Na stadionie przy al. Piłsudskiego w Lublinie trwają 30. mistrzostwa Polski w Lekkiej Atletyce Masters. Z tą imprezą są połączone również 9. mistrzostwa Polski lekarzy i 3. mistrzostwa dziennikarzy. W gronie uczestników dominują mastersi, którzy jak zapewnia prezes Polskiego Związku Lekkiej Atletyki Masters Wacław Krankowski, przygotowywali się do tej imprezy mimo pandemii koronawirusa.
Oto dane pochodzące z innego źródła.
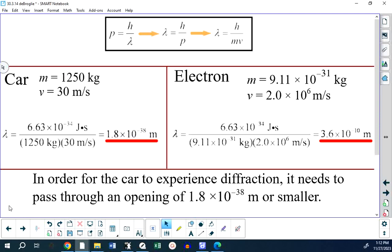However, this distance of 10 to the negative 10 meters is approximately the distance between nickel atoms in a crystal of nickel. And it turns out that when you fire a beam of electrons at nickel, you get an interference pattern.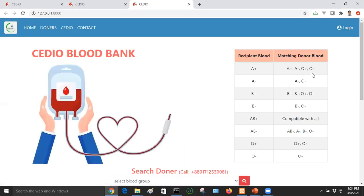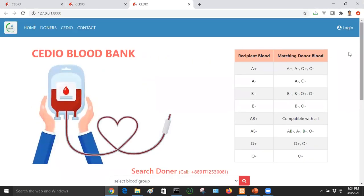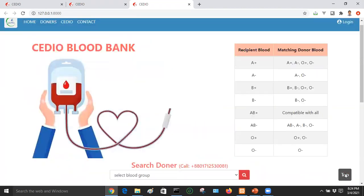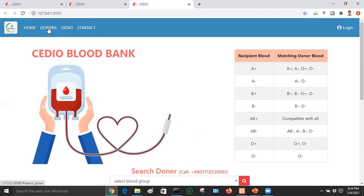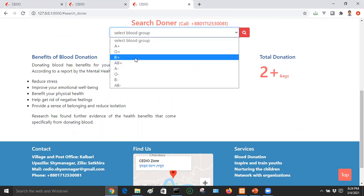Let's look at the information on blood type matching. If you have a blood donation, you can see blood in the last checkbox and view the interface in the next step. When you start the donor search, click on the donor search option. We are going to search for a donor — we need to select which blood group. We have selected B-positive.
– Wielu ludzi trenowało z zapałem i liczę na to, że padnie wiele doskonałych wyników – mówi Wacław Krankowski. – W zawodach nie potrzeba w zasadzie żadnych kwalifikacji czy sprzętu, po prostu trzeba chcieć. Startuje dużo osób, które w młodości uprawiały sport, związane są z lekkoatletyką przez to, że są nauczycielami wychowania fizycznego czy również trenują gdzieś w klubach, jest również wielu, którzy zaczęli uprawiać lekkoatletykę już w wieku dojrzałym. Rekordzistą jest Stanisław Kowalski, który mając 103 lata, po raz pierwszy wystartował w biegu na 100 metrów i wpisał się tym na światową listę rekordów Guinnessa. Obecnie ma 110 lat, ale nadal jest w dobrej formie, niestety nie mógł tutaj przyjechać. Boją startować się ci, którzy osiągnęli wyżyny w sporcie wyczynowym, medaliści mistrzostw Europy i świata, dlatego, że aby zdobywać medale wśród weteranów, trzeba bardzo dużo trenować, a oni często są już wypaleni i nie chcą przegrać. Rozmawiałem z Robertem Korzeniowskim, który powiedział, że jak porównał wyniki, które osiągają jego rówieśnicy z jego obecnymi rezultatami, to, żeby dorównać tym osiągnięciom, musiałbym zacząć trenować tak jak w przeszłości, kiedy zdobywał tytułu mistrza olimpijskiego. Są jednak takie wyjątki jak Urszula Kielan czy Joanna Balcerzak, które mimo upływu czasu chcą brać udział w zawodach. Dzięki zgłoszonej inicjatywie Leszka Bobrzyka oraz odzewowi na naszą propozycję urzędu miasta i urzędu marszałkowskiego dochodzi do organizacji tych mistrzostw i okazuje się, że będą one rekordowe pod względem liczby chętnych osób. Ten rok jest ubogi, ponieważ nie ma imprez międzynarodowych, zostały odwołane mistrzostwa Europy i świata w Kanadzie i Portugalii. Z tego też powodu rozgrywki w Lublinie są najważniejszymi w 2020 roku – dodaje.
Zawody będą rozgrywane także jutro (23.08).